▶ [Task directions]:
Return the lines below exactly as they appear, please, starting with the first and ending with the one that contains "photos 4 Caja".

Stored dataset items:
►

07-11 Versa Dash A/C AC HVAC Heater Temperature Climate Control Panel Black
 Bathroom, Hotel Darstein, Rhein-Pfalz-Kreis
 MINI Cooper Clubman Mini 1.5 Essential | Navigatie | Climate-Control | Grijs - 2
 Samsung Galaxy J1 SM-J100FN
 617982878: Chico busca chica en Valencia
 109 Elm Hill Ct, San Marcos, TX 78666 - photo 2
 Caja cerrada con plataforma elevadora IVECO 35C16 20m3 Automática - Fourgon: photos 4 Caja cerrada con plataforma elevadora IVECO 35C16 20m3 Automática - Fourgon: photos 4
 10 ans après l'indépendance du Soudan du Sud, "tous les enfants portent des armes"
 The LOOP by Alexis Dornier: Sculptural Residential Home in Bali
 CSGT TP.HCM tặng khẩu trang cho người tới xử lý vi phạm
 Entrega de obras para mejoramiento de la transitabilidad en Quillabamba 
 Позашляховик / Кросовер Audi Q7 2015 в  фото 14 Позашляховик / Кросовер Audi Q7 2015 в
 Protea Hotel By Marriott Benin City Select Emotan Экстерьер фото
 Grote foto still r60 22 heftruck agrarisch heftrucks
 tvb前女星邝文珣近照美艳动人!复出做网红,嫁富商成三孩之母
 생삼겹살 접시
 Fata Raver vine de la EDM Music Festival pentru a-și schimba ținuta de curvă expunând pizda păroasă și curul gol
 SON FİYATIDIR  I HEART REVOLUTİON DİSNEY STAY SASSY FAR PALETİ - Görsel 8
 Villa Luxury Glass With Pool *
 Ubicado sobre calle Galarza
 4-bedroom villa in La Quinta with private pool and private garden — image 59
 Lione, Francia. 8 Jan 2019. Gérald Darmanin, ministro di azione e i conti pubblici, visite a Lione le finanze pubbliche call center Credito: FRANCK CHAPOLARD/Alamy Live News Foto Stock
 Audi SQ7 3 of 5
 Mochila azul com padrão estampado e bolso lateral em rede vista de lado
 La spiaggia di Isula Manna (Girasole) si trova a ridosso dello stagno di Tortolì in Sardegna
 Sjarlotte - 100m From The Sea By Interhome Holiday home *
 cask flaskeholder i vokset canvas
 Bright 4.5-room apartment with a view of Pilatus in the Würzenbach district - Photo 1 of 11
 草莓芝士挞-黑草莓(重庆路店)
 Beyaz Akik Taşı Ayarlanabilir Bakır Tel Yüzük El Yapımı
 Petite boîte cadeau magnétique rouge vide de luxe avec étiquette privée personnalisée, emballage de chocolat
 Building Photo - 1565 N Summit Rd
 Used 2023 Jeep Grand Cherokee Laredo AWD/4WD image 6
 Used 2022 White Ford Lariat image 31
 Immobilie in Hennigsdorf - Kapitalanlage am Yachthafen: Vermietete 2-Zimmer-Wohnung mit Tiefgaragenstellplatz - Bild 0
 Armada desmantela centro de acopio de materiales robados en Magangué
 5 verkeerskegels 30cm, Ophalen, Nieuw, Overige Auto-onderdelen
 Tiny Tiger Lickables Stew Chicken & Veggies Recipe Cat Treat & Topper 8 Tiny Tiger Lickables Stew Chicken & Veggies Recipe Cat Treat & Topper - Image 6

◄

▶ [Task solution]:
07-11 Versa Dash A/C AC HVAC Heater Temperature Climate Control Panel Black
 Bathroom, Hotel Darstein, Rhein-Pfalz-Kreis
 MINI Cooper Clubman Mini 1.5 Essential | Navigatie | Climate-Control | Grijs - 2
 Samsung Galaxy J1 SM-J100FN
 617982878: Chico busca chica en Valencia
 109 Elm Hill Ct, San Marcos, TX 78666 - photo 2
 Caja cerrada con plataforma elevadora IVECO 35C16 20m3 Automática - Fourgon: photos 4 Caja cerrada con plataforma elevadora IVECO 35C16 20m3 Automática - Fourgon: photos 4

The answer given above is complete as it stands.